For love of their only child and determined to support his calling, Sergei’s parents have long lived and worked apart.
‘My father, Vladimir, works in Portugal. He did many different jobs in Khershon – factory worker, labourer – but went there to work as a builder and send money to pay for my studies. I haven’t seen him for two years, although I speak to him every couple of weeks. My mother Halina now works in the theatre, making costumes. Even my Grandmother left Ukraine to find work, so that she could send money for me. She went to Greece to look after a rich lady. I don’t know when my family will be together again.’
From the age of six, Sergei was independent, travelling to and from school alone by bus.
‘When I wasn’t at school, I’d play in the streets. There wasn’t really anything else to do. No cinema, no pop music. I wasn’t aware of any Western stars of the Nineties. Then I got involved in gymnastics, joined a sports club. I respond well to discipline. I like exact ways of doing things, to be told and shown’.
It was his mother who first aroused Sergei’s interest in ballet:
‘Which was strange, as she didn’t even like ballet! She took me to a small local school which she knew sent pupils on to the school in Kiev. A light came on in my head. I was naturally good, the best in my class, and knew immediately what I wanted to do. When I was nine, my mother and I moved to Kiev for me to attend the ballet school. Very exciting for me, very difficult for her. She had to leave her friends and the life she knew. But she was determined to give me the opportunity. I knew that, to be successful, I would have to move again, keep on moving. The next stop was Leningrad’ (now St. Petersburg).
It was again his mother’s idea to try for the Royal Ballet School.
‘We filled in the application form and filmed the video – you have to send one of yourself dancing. Then they invited me over to audition. Suddenly I am 13 years old and living away from my parents in a foreign city. Did I miss them? No. Was I homesick? Not a bit. This was my destiny. It was what I had worked so hard to achieve.’
The experience had its downsides, but Sergei kept his cool.
‘I couldn’t speak any English. It took 6 months to learn, just by talking. My teacher was Russian, which helped. Thrown in at the deep end, you have to communicate. It is the best way. I was reading the Harry Potter books in Russian at the time, although I didn’t like the films, and it thrilled me to see so many things here that I had read about in the books. The Royal Ballet School itself, where I lived, seemed to me just like Hogwarts. So magical and surreal. I had the feeling of being in a story and acting my own part. I loved it.’

As for the future, Sergei says, his route is planned.

‘So far, so good. Yes, I am young to be dancing the classic leads, but mentally I am ready. Provided I do not suffer serious injury – I’ve already damaged my shoulder and broken my fifth right metatarsal - I will get stronger, develop greater stamina. This can only come with time and training.

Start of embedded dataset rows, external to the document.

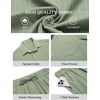 image:imageCOOFANDY Mens Summer Beach Outfits 2 Piece Short Sets Shirts and Shorts Vacation Texture Linen Sets for MenLight Green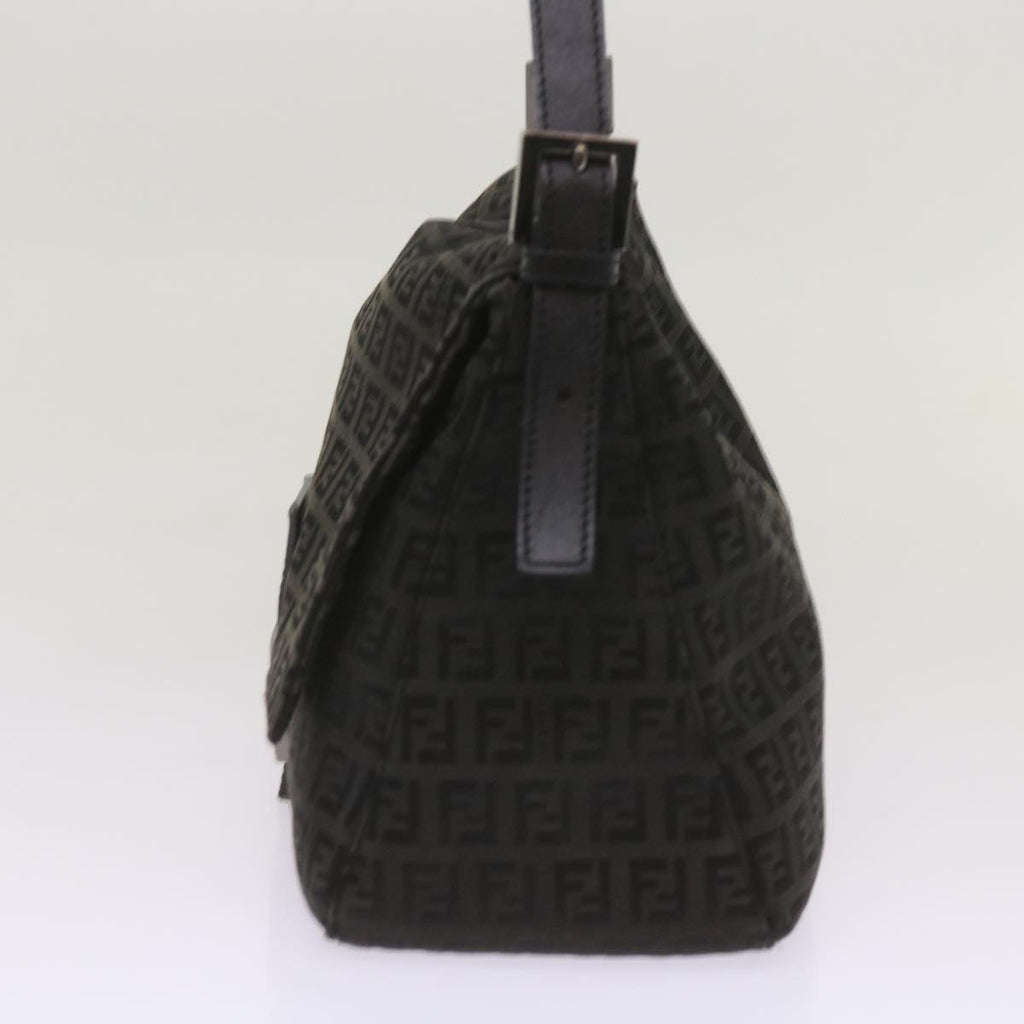 FENDI Zucchino Canvas Mamma Baguette Shoulder Bag Blackep3527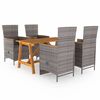 vidaXL Dining Set Grey Solid Acacia Wood, PE Rattan, Powder-coated Steel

‘My ambition remains to be as good as Rudolf Nureyev. I feel the affinity. His Foundation gave me the scholarship here in 2002. I want to live up to that and be a household name of ballet, just like him’.
To that end, Sergei eschews a ‘normal’ teenage lifestyle – parties, clubbing, drinking, smoking, football, girlfriends – in favour of devotion to his craft. He has time and energy for little else, and hasn’t even been to see Chelsea, the club he follows, at Stamford Bridge. Nonchalant about a spin-off career as heart-throb, he takes the bouquets, billets doux and paraphernalia of fandom in his stride. His one regret is that his mother, astonishingly, has never seen him dance professionally. For her to do that, he says, would be a major effort:
‘She doesn’t speak English, there would be no one to look after her, I would worry more about her than my performance as I danced. It would put me off. Perhaps it is better that my parents don’t come to Covent Garden.’
It is hard to imagine that Halina and Vladimir Polunin, who have parked their own lives, endured a long-distance marriage and worked finger to bone for the cause, can be dreaming night and day about anything else.